If politics often moves at the pace of a hare, the tortoise of political reform efforts is undoubtedly the National Popular Vote initiative, an attempt to neutralize the Electoral College by an interstate compact that would commit states to instruct their electors to vote for the presidential candidate who wins the popular vote. The initiative was in the news this week when it added Colorado to the 11 states (plus the District of Columbia) that had previously signed on:
Gov. Jared Polis (D-Colorado) will sign a bill into law that opts Colorado out of the Electoral College, the governor’s office tells Next with Kyle Clark.
The Democrat-controlled legislature formally approved the measure last week. Under the bill, Colorado’s nine electoral college votes would go to the presidential candidate who wins the national popular vote, rather than the candidate who wins this state….
A law in Colorado would give the nationwide initiative 181 electoral votes. The National Popular Vote compact will not take effect unless 270 electoral votes are guaranteed, meaning more states need to sign on for this to change a presidential election.

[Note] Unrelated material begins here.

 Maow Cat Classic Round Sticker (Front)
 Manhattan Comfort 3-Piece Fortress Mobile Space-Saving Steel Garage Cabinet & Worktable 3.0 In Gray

Colorado was an obvious candidate for the NPV bandwagon because Democrats gained a governing trifecta there last November. If you wonder why Democrats would be more likely to support a popular vote system, consider the recent alternative history of a country with presidents Al Gore and Hillary Clinton. Another state that “flipped” to total Democratic control last year was Maine. So naturally, there’s an effort there as well to join the NPV compact. This aroused the hostile attention of Maine’s unfortunate gift to right-wing politics, former two-term governor Paul LePage, as Ronn Blitzer reports:
LePage discussed this on WVOM radio station’s “George Hale Ric Tyler Show” on Tuesday. It started off normally enough, with LePage defending the electoral college for allowing states like his to remain relevant in presidential politics …
Then things started to take a turn for the extreme.
“Why don’t we just adopt the constitution of Venezuela and be done with it?” LePage said. “Let’s have a dictator because that’s really what you’re gonna boil down to.”
What would happen if they do what they say they’re gonna do, white people will not have anything to say. It’s only going to be the minorities who would elect. It would be California, Texas, Florida,” he added.
Left-of-center folk have often argued that institutions like the Electoral College, the Senate (especially with the filibuster), and legislative gerrymandering make it possible for a relatively small minority of the population to exert disproportionate power over the country, particularly when all it needs to do is to obstruct change. But conservatives don’t often admit they oppose democracy, much less that they do so on behalf of the racial group that happens to dominate their electorate base. Certainly LePage’s anti-democratic leanings are well-established after he refused to implement a voter-approved Medicaid expansion for over a year.
Arguably LePage is a has-been; he left office at the end of last year thanks to term limits. But he’s threatening to attempt a comeback against his Democratic successor, Janet Mills, in 2022. And his racialized thundering against the popular vote initiative could help mobilize Republicans against it, though presumably they’ll downplay the white power angle.
The odds of the NPV reaching its goals any time soon are low given the hostility of most Republicans everywhere, who do, after all, still control at least one legislative chamber and/or the governor’s office in 36 states. But LePage has exposed the least reputable argument for keeping things the way they are and thwarting democracy in future as well as past presidential elections.